この度は、この物語を読んで下さってありがとうございます。


主に主人公の視点のお話になりますが、読みずらい点などありましたら、ご感想などお気軽に書き込みください。


さて、今回のお話は物語の前置きになります。


処女作の為に誤字や矛盾があるかもしれませんが、最後までお付き合いして頂ける事を祈りつつ。

『目標地点到達まであと50秒』


 パワードスーツの、人工頭脳(エーアイ)のアナウンスが響く。


 無重力下で大きめな通路を、背中のランドセルと言われる部位に、ついているブースターで移動して、要塞の最深部を目指している。


 身長170cmの私が、全身を覆う液体金属のナノマシンで構成されたパワードスーツによって、宇宙空間で活動できる。


 パワードスーツ自体は身長2.2mほどの人型で、二足歩行ロボットの様に見える。

 自分の動きをトレースして、思いのままに動くことができる。


 数十年に渡る帝国と連邦の星間戦争が、終わろうとしている。


 人が生存可能な惑星が10個以上消滅し、帝国と連邦の人口が半分まで、減少していた。


 帝国の中枢である直径18kmの球体宇宙要塞に、帝国皇帝が存在するメインシステムを要塞内部から破壊する為に連邦軍の全勢力を集結した作戦中である。
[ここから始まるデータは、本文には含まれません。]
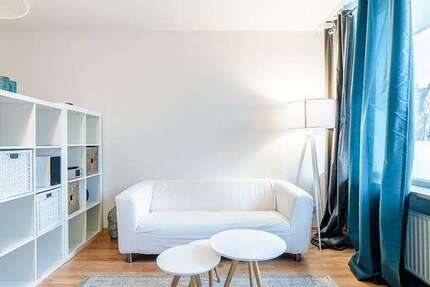 Zimmer Hamburg Hoheluft-West - 1 Zimmer, 980&euro; | Angebot:7336869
 数十万隻いた連邦軍の艦隊も、要塞迄の道のりで大半が大破し、潜入部隊であるパワードスーツ部隊も、要塞内部の中枢システム内に侵入するまでに私が最後の1人になってしまった。


 通路を抜けて、広い空間に出た。


 マップを確認するとここが、目的地である事がわかった。

 周囲は中枢システム内部のため、5mほどの正方形の電子回路が網の目のように繋がって連なっている。

 その隙間を縫うように前進しさらに中心部を目指す。


 あと10分程で、5分前に破壊された要塞内部の防御機構中枢が、ナノマシンにより再構築れる。

 再構築されれば防衛システムが再起動して、私は一瞬で排除されるだろう。


 防衛システムと連動していない一部の防衛装置が、稀に攻撃してくるが、余裕を持って躱しながら進んでいく。


 脳に埋め込まれたインプラントチップから脳波によってパワードスーツに命令することがと可能になっている。

 残りの使用可能な武装が気になるので、質問する。


【使用可能の武装を表示】


『ありません』


 回答がスーツから戻ってくる。


 使えなくなった、手に持っている弾倉が無くなった大型のランチャーを捨てる。

 ここに辿り着くまでに、全武装を使い切ってしまっていた。


『目的地に到達しました』


 スーツが電子的な感情のない声で、私に教えてくれる。


 目の前に、直径10mほどの球体が浮かんでおり、球体から数百本のコードが、天井や壁など外周に伸びて刺さっている。

 表面に幾何学的な模様があり細かく点滅している。


「これが帝国皇帝の本体か?」


 200年に渡り帝国を支配している権力者。

 永遠の命と引き換えに、自分の全てを機械化し、肉体を捨てた存在。


【外部との通信は可能か】


 戦闘の判断は得意だが、処理対応の判断は苦手なので、外部に判断を仰ぎたかった。


『ジャミングにより、有線による通信以外は不可能。

 有線による通信は、接続可能ネットワークが無いため不可能』


 外部との連絡手段がないため、残りわずかの時間で自分で判断しなくてはならない。


「目の前の球体を分析してくれ」


 まずは、攻撃目標であるか最終確認しようと行動する。


 左手の指さきから、端末コードを出し球体に接触させる。

 パワードスーツからアクセスして、球体の解析が始まる。


『流体ナノマシンで構築されている

 強度7653 再構築速度9ms 再生産能力0.12ms

 最小思考値0.00112。

 多数個体の意識を認識。

 個体認識。

 帝国皇帝の意識体と、制御用の人工頭脳を確認。

 フィードバックで、こちらに侵入してきます。

 危険域に達しました。

 強制断線します』


 瞬時にパワードスーツの演算力を遥かに超えた、球体からのハッキングを受けてしまったが、物理的に接続を解除した。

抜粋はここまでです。